When these services are cut, it is inevitably the people who rely on them most who suffer the most, and communities have had to become resilient to changes or closures.
This is where community transport has stepped in but this could be about to change. The often-small, locally run, charitable minibus services that take our children on school trips and older people to lunch clubs could cease to exist in the next few months if proposed guidance from the Department for Transport comes into effect.
The plan, under which community transport drivers would need advanced driving licences at a cost of up to £1,700, risks forcing hundreds of charities and other organisations including schools and sports clubs to stop providing transport for their community due to the prohibitive cost of doing so.
Last year government budgets to subsidise bus routes were reduced by over £20m and 301 services were adjusted or removed completely. Public transport is withering before our eyes.

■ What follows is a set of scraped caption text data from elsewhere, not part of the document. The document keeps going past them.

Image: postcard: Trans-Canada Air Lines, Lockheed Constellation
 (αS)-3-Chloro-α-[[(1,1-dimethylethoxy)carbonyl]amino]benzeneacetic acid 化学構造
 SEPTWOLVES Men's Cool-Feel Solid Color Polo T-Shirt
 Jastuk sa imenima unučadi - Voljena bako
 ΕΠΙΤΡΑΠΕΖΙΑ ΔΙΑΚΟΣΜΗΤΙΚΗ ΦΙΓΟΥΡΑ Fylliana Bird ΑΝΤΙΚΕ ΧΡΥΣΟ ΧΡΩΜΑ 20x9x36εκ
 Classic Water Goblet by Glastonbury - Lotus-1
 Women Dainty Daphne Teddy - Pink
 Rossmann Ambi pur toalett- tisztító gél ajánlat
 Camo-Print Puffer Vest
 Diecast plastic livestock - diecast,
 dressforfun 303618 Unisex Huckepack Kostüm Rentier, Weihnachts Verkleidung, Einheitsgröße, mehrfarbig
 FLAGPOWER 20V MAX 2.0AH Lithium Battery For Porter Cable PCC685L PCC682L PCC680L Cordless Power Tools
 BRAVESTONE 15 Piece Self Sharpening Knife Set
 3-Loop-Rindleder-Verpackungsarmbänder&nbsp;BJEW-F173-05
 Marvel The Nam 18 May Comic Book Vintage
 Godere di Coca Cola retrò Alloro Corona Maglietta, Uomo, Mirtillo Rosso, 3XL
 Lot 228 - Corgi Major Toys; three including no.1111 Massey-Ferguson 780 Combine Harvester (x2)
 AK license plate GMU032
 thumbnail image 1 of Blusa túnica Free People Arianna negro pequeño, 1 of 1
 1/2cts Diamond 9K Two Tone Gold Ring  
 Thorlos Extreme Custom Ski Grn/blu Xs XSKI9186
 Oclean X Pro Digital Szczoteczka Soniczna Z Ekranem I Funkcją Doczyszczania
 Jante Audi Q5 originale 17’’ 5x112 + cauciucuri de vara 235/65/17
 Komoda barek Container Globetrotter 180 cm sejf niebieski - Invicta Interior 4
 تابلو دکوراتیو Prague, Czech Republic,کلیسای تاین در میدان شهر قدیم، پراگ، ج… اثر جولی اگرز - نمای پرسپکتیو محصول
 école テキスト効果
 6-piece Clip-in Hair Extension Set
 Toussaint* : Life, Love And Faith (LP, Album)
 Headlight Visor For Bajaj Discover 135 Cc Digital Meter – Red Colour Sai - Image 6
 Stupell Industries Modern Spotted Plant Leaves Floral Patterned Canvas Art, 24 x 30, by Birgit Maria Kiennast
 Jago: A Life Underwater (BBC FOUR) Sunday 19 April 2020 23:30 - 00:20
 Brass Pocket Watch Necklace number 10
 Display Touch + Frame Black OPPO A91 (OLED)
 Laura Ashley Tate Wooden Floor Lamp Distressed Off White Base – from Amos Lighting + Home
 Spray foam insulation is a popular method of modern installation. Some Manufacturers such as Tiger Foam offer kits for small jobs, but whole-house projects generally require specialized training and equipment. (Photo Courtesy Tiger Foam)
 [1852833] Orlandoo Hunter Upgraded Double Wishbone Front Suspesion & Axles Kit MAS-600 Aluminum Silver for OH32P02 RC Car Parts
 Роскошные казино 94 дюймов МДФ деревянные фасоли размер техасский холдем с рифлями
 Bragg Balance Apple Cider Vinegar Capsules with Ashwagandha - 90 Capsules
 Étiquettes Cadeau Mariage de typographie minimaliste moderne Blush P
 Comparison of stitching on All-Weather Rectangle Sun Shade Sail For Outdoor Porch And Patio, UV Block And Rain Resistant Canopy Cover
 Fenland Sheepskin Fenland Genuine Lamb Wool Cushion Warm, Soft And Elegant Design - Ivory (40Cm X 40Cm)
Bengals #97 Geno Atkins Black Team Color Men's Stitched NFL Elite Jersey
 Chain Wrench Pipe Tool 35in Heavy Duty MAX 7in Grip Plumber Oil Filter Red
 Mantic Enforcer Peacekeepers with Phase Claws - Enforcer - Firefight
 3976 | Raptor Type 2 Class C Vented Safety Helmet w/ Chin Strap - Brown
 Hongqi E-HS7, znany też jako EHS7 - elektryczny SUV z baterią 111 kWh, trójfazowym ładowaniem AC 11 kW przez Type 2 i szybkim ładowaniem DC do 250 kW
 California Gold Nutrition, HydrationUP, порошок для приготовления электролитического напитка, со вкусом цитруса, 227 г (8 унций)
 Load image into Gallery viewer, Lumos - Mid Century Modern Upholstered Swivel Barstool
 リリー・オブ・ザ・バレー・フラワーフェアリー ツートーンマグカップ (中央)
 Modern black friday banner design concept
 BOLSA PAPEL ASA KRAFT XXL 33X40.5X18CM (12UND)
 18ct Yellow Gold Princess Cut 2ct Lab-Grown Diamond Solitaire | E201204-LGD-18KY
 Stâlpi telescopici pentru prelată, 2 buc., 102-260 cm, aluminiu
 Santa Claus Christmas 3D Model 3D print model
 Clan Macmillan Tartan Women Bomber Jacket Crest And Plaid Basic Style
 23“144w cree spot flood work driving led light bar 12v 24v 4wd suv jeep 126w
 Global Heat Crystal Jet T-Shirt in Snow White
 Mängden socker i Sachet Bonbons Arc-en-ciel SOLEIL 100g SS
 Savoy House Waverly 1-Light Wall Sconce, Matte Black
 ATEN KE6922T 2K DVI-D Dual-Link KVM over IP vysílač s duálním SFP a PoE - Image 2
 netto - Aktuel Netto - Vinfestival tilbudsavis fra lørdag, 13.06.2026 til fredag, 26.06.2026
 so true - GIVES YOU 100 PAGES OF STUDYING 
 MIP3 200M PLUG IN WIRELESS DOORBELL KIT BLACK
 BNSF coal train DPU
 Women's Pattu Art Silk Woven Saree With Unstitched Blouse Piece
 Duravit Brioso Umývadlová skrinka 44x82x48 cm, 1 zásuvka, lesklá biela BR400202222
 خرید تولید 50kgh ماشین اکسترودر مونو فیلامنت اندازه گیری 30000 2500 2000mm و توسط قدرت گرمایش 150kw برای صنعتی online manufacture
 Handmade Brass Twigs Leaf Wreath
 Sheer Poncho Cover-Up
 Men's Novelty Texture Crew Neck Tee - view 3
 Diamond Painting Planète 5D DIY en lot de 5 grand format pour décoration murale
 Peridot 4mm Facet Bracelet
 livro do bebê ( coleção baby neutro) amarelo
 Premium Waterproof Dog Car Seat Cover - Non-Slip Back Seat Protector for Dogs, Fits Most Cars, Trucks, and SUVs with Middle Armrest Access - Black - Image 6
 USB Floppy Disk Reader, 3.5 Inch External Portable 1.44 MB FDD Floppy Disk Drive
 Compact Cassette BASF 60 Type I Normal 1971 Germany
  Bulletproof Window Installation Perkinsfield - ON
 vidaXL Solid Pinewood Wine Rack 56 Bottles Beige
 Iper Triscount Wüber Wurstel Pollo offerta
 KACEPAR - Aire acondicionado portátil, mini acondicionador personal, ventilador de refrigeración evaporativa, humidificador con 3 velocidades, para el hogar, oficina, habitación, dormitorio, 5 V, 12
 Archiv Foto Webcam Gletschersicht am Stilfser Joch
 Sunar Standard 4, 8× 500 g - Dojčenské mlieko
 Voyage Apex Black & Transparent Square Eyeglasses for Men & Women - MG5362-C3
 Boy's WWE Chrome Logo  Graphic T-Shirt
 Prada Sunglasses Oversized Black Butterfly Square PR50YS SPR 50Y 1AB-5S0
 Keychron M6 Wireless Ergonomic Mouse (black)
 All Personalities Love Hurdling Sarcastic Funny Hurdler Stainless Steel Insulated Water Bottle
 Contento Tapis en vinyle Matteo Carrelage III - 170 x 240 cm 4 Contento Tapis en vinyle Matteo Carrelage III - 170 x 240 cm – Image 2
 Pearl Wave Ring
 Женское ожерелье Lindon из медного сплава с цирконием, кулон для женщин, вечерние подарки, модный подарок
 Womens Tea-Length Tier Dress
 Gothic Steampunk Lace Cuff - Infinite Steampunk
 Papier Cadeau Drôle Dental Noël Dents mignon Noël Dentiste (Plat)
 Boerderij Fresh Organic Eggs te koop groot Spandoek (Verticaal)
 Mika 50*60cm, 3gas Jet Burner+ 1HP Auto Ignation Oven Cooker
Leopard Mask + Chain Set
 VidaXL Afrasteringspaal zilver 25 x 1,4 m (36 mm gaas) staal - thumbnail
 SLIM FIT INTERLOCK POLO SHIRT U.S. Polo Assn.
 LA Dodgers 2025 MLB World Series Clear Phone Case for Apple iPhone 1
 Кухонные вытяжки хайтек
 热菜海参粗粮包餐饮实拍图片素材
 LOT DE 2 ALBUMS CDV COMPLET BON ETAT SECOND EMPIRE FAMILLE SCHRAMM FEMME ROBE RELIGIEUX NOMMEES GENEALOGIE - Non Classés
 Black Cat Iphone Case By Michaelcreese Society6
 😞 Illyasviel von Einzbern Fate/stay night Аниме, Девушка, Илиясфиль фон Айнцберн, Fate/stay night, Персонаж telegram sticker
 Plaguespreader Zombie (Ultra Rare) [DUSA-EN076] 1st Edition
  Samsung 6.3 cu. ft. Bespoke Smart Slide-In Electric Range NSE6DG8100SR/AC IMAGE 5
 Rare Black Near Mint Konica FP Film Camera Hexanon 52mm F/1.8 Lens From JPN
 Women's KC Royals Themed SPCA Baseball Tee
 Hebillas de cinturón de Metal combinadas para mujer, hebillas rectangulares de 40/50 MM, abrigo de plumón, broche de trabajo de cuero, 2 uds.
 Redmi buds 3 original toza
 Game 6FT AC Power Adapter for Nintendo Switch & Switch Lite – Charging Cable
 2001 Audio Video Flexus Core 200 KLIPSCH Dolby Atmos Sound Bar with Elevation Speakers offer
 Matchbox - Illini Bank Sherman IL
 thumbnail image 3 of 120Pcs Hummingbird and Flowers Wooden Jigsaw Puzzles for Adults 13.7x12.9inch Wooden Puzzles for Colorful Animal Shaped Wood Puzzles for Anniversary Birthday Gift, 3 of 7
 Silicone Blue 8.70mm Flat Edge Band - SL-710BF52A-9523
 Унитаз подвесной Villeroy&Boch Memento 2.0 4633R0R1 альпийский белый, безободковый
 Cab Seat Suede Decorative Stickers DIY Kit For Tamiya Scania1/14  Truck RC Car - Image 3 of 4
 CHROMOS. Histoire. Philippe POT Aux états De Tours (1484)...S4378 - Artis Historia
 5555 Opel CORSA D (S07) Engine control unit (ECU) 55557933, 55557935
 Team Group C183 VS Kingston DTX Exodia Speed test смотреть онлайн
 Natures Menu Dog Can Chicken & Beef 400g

But people still have to travel. Older people in England take more than 22 million community transport journeys every year. This is a lifeline to the outside world, so why is the government about to take it away? To make matters worse, the policy seems to have been based on a serious misunderstanding of the sector.
According to the Community Transport Association, the Department for Transport’s costings are based on the assumption that more than 50 per cent of community transport drivers already hold a permit required to meet the new rules. The real figure is closer to six per cent.
This discrepancy is set to cost the sector an estimated £120 million and will affect 95 per cent of all providers. Quite the price for getting your sums wrong.
When you also consider the fact that this government is supposed to be serious about tackling loneliness, the adoption of these guidelines seems even more baffling.
Why announce a minister for loneliness in January and introduce regulations that threaten a lifeline for older and lonely people in the summer? For many people community transport is the only interaction with the outside world.
If this decision is taken the concept of a cross-governmental approach to tackling loneliness will be left in tatters.
The Department for Transport’s response to consultation submissions by charities and transport providers, which was released on Friday, is lacklustre and makes for a frustrating read.
The fact is that most small community transport providers will not be able to afford the price of obtaining an advanced driving licence. Why does the consultation response only dedicate two lines to this pressing issue?
Again, this either comes down to incompetence or there are other reasons that are not being made clear to the public, the providers or the beneficiaries of community transport.
So, I am asking the government to take a step back, reconsider and re-evaluate with competence and compassion.